[Start of section]

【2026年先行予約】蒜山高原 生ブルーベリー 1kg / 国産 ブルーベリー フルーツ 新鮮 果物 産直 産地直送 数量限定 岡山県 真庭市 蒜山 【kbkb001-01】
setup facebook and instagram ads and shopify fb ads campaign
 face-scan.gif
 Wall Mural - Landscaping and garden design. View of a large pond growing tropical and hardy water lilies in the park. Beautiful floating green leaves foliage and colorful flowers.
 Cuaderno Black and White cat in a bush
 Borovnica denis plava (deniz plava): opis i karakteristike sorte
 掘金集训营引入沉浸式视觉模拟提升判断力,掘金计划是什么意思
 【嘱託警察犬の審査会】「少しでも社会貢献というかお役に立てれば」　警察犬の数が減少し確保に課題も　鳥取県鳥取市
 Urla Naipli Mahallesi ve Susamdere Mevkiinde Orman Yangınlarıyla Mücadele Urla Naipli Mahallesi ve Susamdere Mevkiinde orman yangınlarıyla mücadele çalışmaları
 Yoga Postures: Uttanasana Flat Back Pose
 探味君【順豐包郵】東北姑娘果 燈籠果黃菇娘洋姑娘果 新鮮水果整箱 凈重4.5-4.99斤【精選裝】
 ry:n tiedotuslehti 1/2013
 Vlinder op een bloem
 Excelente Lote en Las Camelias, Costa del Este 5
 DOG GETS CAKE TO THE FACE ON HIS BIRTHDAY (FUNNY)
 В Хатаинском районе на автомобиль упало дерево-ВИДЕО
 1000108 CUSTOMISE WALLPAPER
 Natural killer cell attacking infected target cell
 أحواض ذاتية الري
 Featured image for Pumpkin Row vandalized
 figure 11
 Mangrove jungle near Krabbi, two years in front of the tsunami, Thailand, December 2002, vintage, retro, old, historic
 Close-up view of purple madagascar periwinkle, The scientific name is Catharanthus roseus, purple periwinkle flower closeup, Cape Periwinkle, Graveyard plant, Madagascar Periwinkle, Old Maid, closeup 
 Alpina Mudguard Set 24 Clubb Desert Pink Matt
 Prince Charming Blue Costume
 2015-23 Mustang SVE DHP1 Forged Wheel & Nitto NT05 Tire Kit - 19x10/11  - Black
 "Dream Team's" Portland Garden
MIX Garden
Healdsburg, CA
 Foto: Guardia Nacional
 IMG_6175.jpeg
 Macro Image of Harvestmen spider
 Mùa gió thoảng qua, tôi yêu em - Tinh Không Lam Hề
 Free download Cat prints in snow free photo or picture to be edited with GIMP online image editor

[End of section]

TASK INSTRUCTIONS ▸ A single number is required: the count of lines in the data above that include the word "Black".

RESPONSE BELOW ▸ 2